WORK INSTRUCTIONS:
Beginning with the line that holds "Homokinetische aandrijving P80-S" and ending with the last line, please repeat the entries exactly and omit the pictures.

Short web captions:
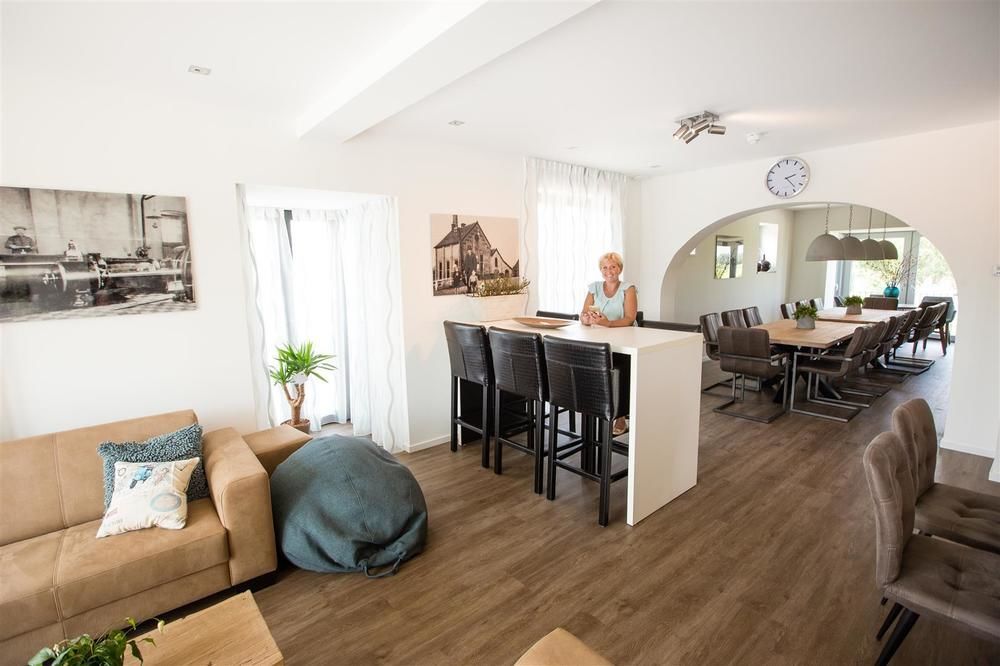 默尔克莫伦酒店 Appeltern 外观 照片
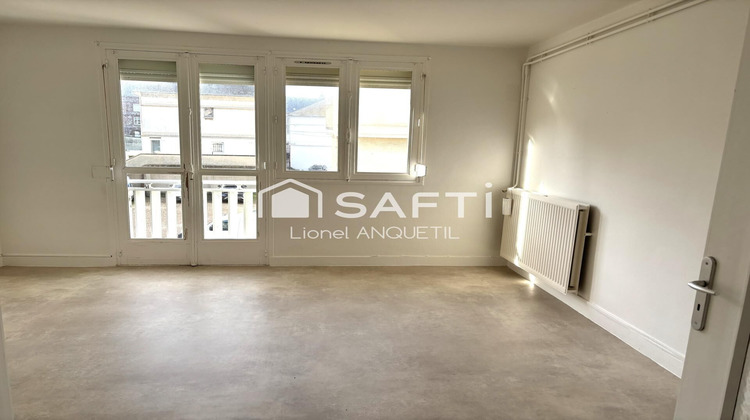 Ma-Cabane - Vente Appartement Saint-Valery-en-Caux, 58 m²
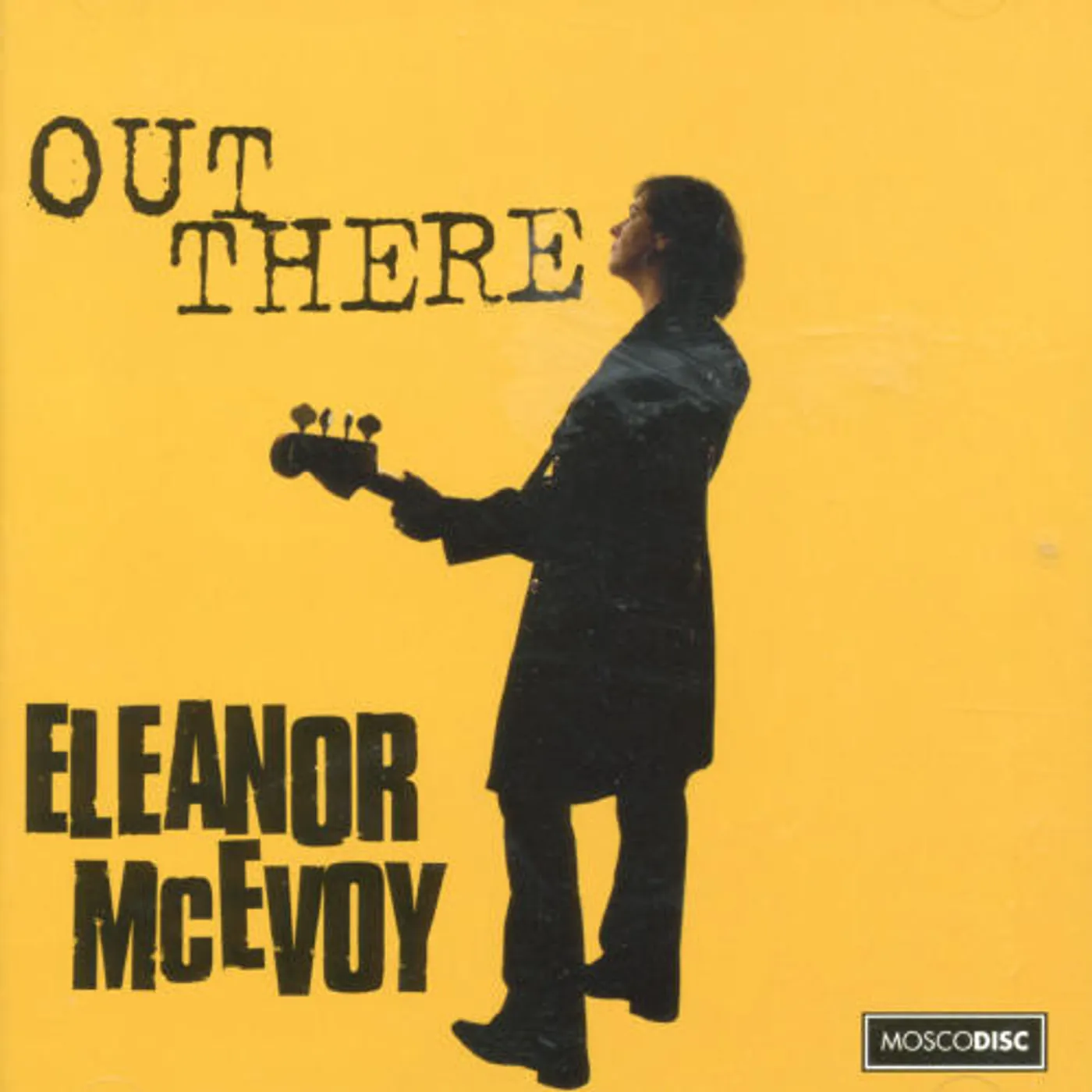 Eleanor McEvoy OUT THERE (SACD) Super Audio CD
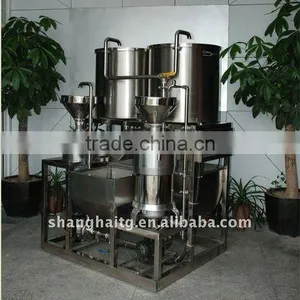 TG-150 Commercial /Large Scale Bean Curd Tofu Maker5 thumbnail-1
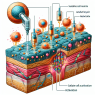 Satellite cell activation by methandienone injection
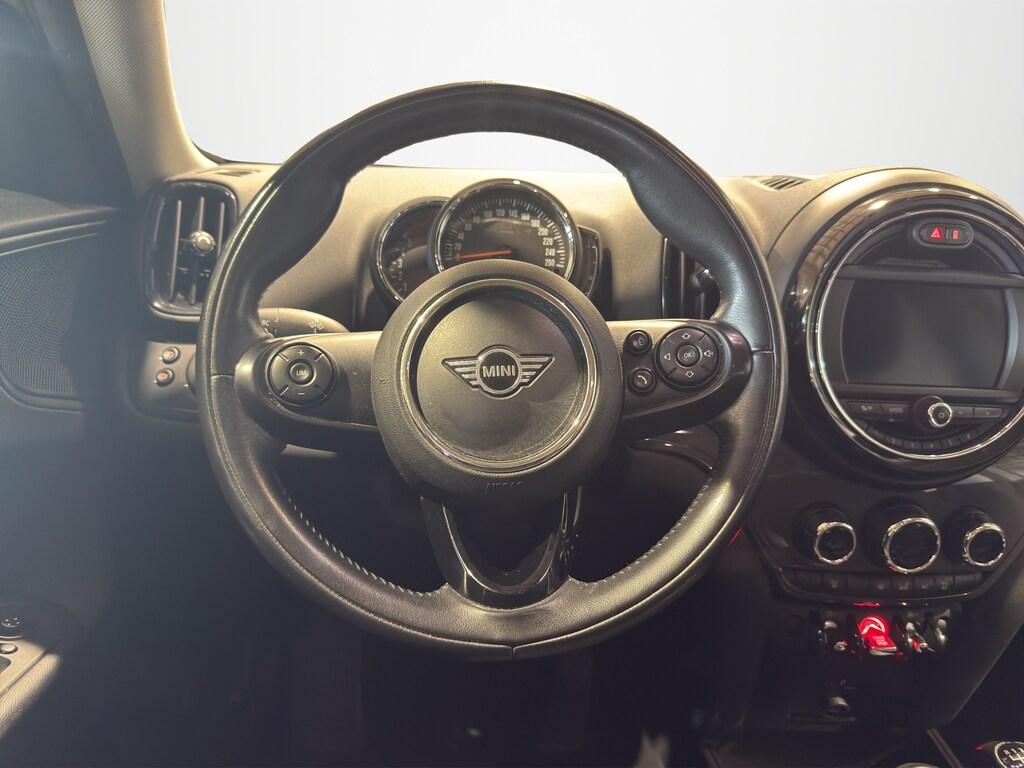 Mini Cooper D Countryman 2.0 TwinPower Turbo Cooper D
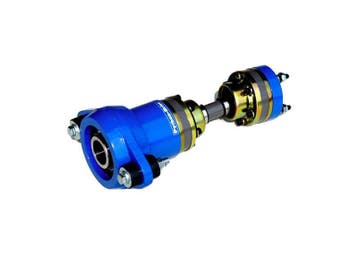 Homokinetische aandrijving P80-S Python tot 130 Pk 2400 RPM, Watersport en Boten, Ophalen of Verzenden, Nieuw, Motor en Techniek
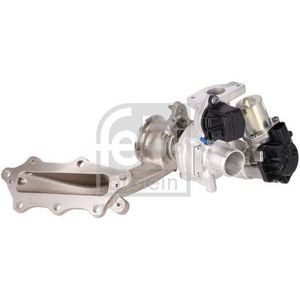 Turbocharger Garrett Turbo New Renault, Smart Febi 186848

COMPLETED TASK:
 Homokinetische aandrijving P80-S Python tot 130 Pk 2400 RPM, Watersport en Boten, Ophalen of Verzenden, Nieuw, Motor en Techniek
 Turbocharger Garrett Turbo New Renault, Smart Febi 186848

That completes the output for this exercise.